To its critics, Project Prevention or Crack - an American organisation which
pays drug addicts and alcoholics to be sterilised - is a terrifying
throwback to the neutering of "defectives" during the 20th Century.

But the woman who runs this not-for-profit programme believes she is
offering a service to everyone: the drug addict, the taxpayer, the child who
has not yet been born, and if she has her way - will never be born.

As the programme reaches its fifth anniversary, Barbara Harris also believes
she has cause to celebrate.

Some 1,050 addicts - mainly women - have undergone sterilisation as part of
her programme over the past five years.

It may not seem a considerable number, but, Ms Harris stresses, the number
of clients has more than doubled over the past 12 months compared with the
year before.

"Basically, despite the initial controversy over the programme, people are
starting to accept that it's a good idea. Probation officers, social workers
and those who work on drug treatment programmes are increasingly referring
their clients to us," she says.

Increasing presence

There is no way of independently verifying the figures given by Project
Prevention, nor will the group divulge the names of institutes whose
counsellors allegedly refer their clients to the programme - arguing that
those people could fall foul of the authorities if their identities were
revealed.

Some prisons - such as the Bernalillo County Detention Center in Albuquerque
- - have apparently allowed the group to host information sessions for their
female inmates, but have stressed that this is not tantamount to a referral.

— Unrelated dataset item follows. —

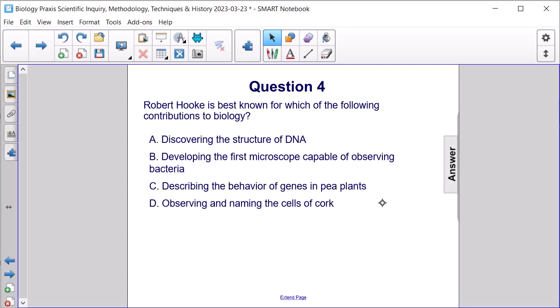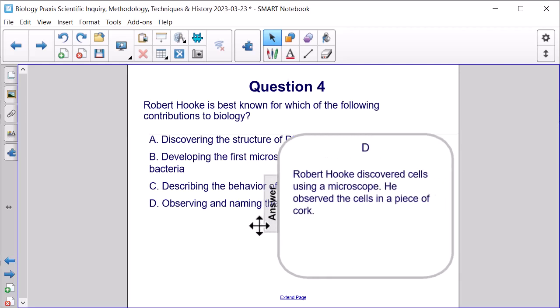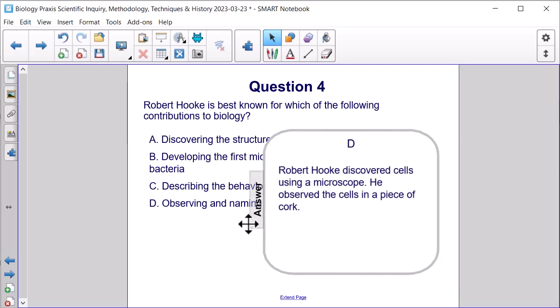The answer is D: observing and naming the cells of cork. Robert Hooke discovered cells using a microscope. He observed the cells in a piece of cork.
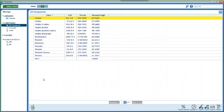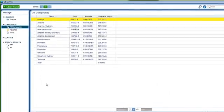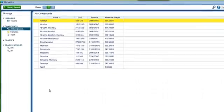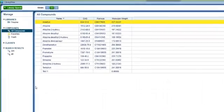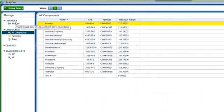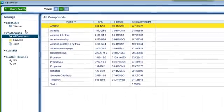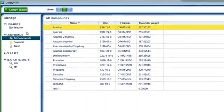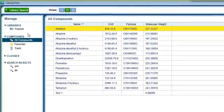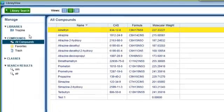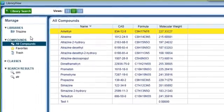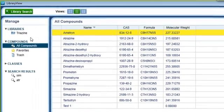Finally, I'm going to show you how to create new libraries of compounds already in your database. This is extremely useful if you do multiple assays on a system and only want to search a smaller subset of your total compound database.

But what is undisputed is that the programme has expanded significantly over
the past five years - growing from a small establishment in California to a
nationwide programme with a presence in most major cities.

As it has expanded, the tone of the group has also shifted. Ms Harris, who
was quoted in one of her first interviews as saying "We don't allow dogs to
breed. We spay them. We neuter them. We try to keep them from having
unwanted puppies, and yet these women are literally having litters of
children," has since toned down her language.

Her project was initially referred to simply as Crack (Children Requiring A
Caring Community). Now it frequently uses the warmer term Project
Prevention.

But the essence of her project remains the same. It offers drug addicts and
alcoholics a sum of $200 for opting for a long-term form of birth control,
such as sterilisation or a contraceptive implant.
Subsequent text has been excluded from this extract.